Amongst the recently published guidance materials is Harnessing Technology, Safeguarding Further Education and Skills learners in a digital world published by Becta. This document clearly states:
Organisations are finding that a blocking and banning approach, which merely limits exposure to risk, is not sustainable. Organisations need to focus on a model of empowerment; equipping learners with the skills and knowledge they need to use technology safely and responsibly and managing the risks, whenever and wherever they go online; and to promote safe and responsible behaviours in using technology at college, in the workplace, in the home and beyond.
Also recently launched was the Safeguarding section of the Next Generation Learning website. This includes lots of relevant resources and a number of handy checklists that will help you to review your e-safety approach and provision.
Amongst the concerns regarding e-Safety and Safeguarding is the legal position for the individuals and institutions involved. Last week JISC Legal delivered a webcast on the theme: Safeguarding – Meeting Your e-Safety Duties. What really came through for me from this session was the consistency of message. The guidance from Becta and the position of safeguarding in the common inspection framework are clearly derived from the legal position. There is a clear understanding that safeguarding risks can not be eliminated and what is important is that safeguarding and e-safety policies are properly developed and that any incidents are acted upon correctly – clearly a technical only approach to e-safety fails in this regard.

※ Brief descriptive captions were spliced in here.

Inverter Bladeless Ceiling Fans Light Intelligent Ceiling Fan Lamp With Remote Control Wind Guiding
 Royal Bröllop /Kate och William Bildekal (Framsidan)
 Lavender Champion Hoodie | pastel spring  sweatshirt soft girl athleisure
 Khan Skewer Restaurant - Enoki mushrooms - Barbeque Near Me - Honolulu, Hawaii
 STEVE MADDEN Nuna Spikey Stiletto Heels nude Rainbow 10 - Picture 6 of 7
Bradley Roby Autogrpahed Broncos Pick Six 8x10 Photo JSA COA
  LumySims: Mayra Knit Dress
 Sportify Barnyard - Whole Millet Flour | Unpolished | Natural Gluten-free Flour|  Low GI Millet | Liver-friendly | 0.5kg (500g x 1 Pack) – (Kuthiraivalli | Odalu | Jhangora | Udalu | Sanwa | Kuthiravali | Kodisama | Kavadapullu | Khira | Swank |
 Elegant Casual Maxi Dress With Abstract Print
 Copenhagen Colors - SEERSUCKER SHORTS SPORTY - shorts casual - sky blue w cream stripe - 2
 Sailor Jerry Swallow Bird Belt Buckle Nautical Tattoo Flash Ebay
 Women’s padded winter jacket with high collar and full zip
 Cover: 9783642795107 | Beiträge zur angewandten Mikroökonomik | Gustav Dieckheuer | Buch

It can be difficult for those of us without legal training to understand the implications of the legal position especially when terms such as “reasonable” and “proportionate” are used so widely. A useful illustration of how these terms might be interpreted came in a response to a question about usage of Facebook when John X Kelly said “surely now we’ve come to a stage where these are learning tools” and that colleges need to make decisions about how they use them. This is clearly a long way from the restrictive approach that many assume to be the case.
It is also illustrative that it is up to the institution to make the decisions. I am aware that many people simply want a ready made e-safety policy that they can use. That isn’t going to happen. Important features of any e-safety policy are that it is based on consultation and is contextualised. Fortunately JISC Legal have produced a simple one page e-Safety Policy Checklist to help you make sure that your policy is correctly developed and fit for purpose.
Getting e-safety right isn’t easy – but hopefully now it is getting easier.